The showcase featured songs from a wide spectrum of musicals, with audiences being treated to iconic numbers including, of course, ‘Step In Time’ from Mary Poppins, and ‘Luck be a Lady’ from Guys and Dolls. GMTG clearly displayed many of their array of talented members though these and other songs, as each featured a strong ensemble, often producing vocal harmonies that were remarkably and impressively complex.
Many of the song choices were perhaps unexpected, with several songs that usually go unnoticed in favour of their respective shows more well-known songs. ‘We Both Reached For The Gun’ from Chicago was brilliantly performed, with a pretty fabulous chorus providing great vocals for the reporters that drive the song, and ‘Together, Wherever We Go’ from Sondheim and Styne’s Gypsy was also a refreshing choice, especially given the show is one packed with powerhouse songs. ‘Ease on Down the Road’, a catchy and energetic song from The Wiz, performed by Steph Lindo, Izzie Reid, Shira Abkin, and Hannah Morrow, had the audience tapping their feet along.

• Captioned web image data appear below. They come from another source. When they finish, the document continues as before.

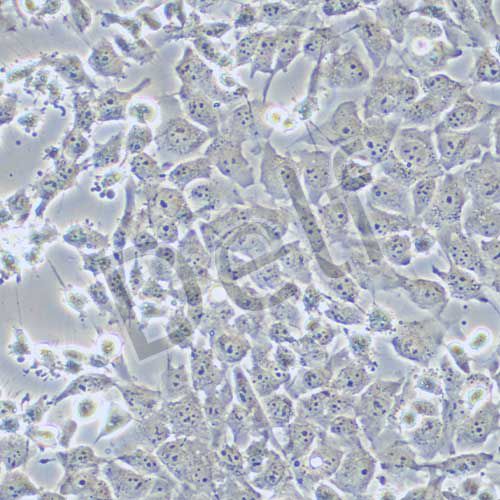 MUM2B 人侵襲性脈絡膜黑色素瘤細胞
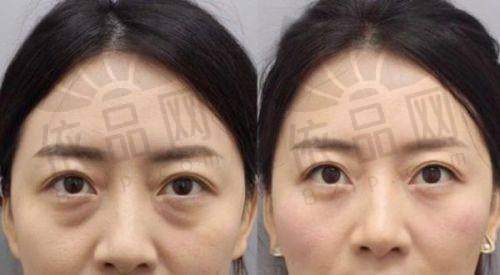 二、沈阳杏林隆鼻整形价格参考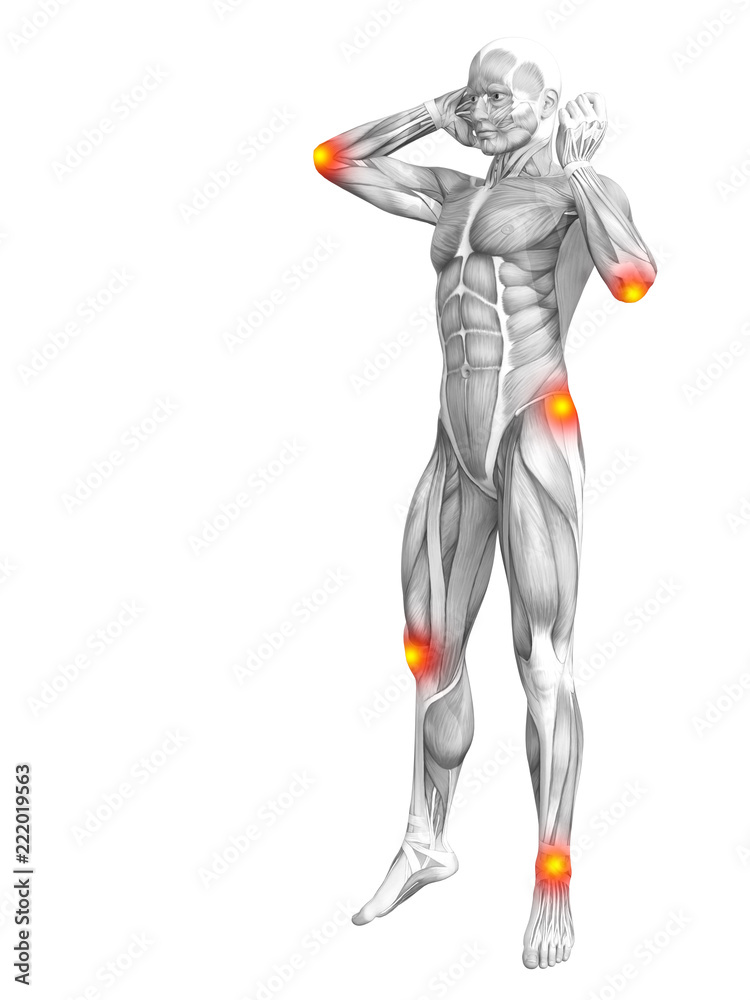 Conceptual human muscle anatomy with red and yellow hot spot inflammation or articular joint pain for health care therapy or sport concepts. 3D illustration man arthritis or bone osteoporosis disease Conceptual human muscle anatomy with red and yellow hot spot inflammation or articular joint pain for health care therapy or sport concepts. 3D illustration man arthritis or bone osteoporosis disease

‘Diva’s Lament’, a wonder of a tune from the Monty Python show Spamalot, was hilariously performed by Helen Parsons as a real highlight of the second act, preceded by the equally excellent ‘Raise the Roof’ from the Wild Party, performed by Millie Harris, accompanied by an ensemble. The iconic ‘Damn It, Janet’ from The Rocky Horror Picture Show, performed by Thomas Kershaw-Green and Robyn McPherson, was perfectly cast (and I admit, left me wanting a full-blown production!) All gave vocal and character performances that would be at home in professional productions, and created real standout moments in a showcase full of admirable and enjoyable performances.
The band were impressive throughout, realising the orchestrations of some of the theatre world’s greatest composers and lyricists with absolute professionalism. From the striking chords of A Chorus Line, to the powerful beat of Footloose’s ‘Holding Out For A Hero’, they excelled constantly. The many moments of dance, and indeed the dancers themselves, were also a welcome addition, and a welcome surprise lay in their performance of the iconic ‘Barn Dance’ from Seven Brides for Seven Brothers.
Though each song could perhaps have benefitted from a little contextualisation, particularly for those that many would be unfamiliar with, and at times the band were louder than the singers, these are minor complaints – the showcase was an enjoyable evening, performed by some rather fab students, showcasing some of musical theatre’s boldest and best songs.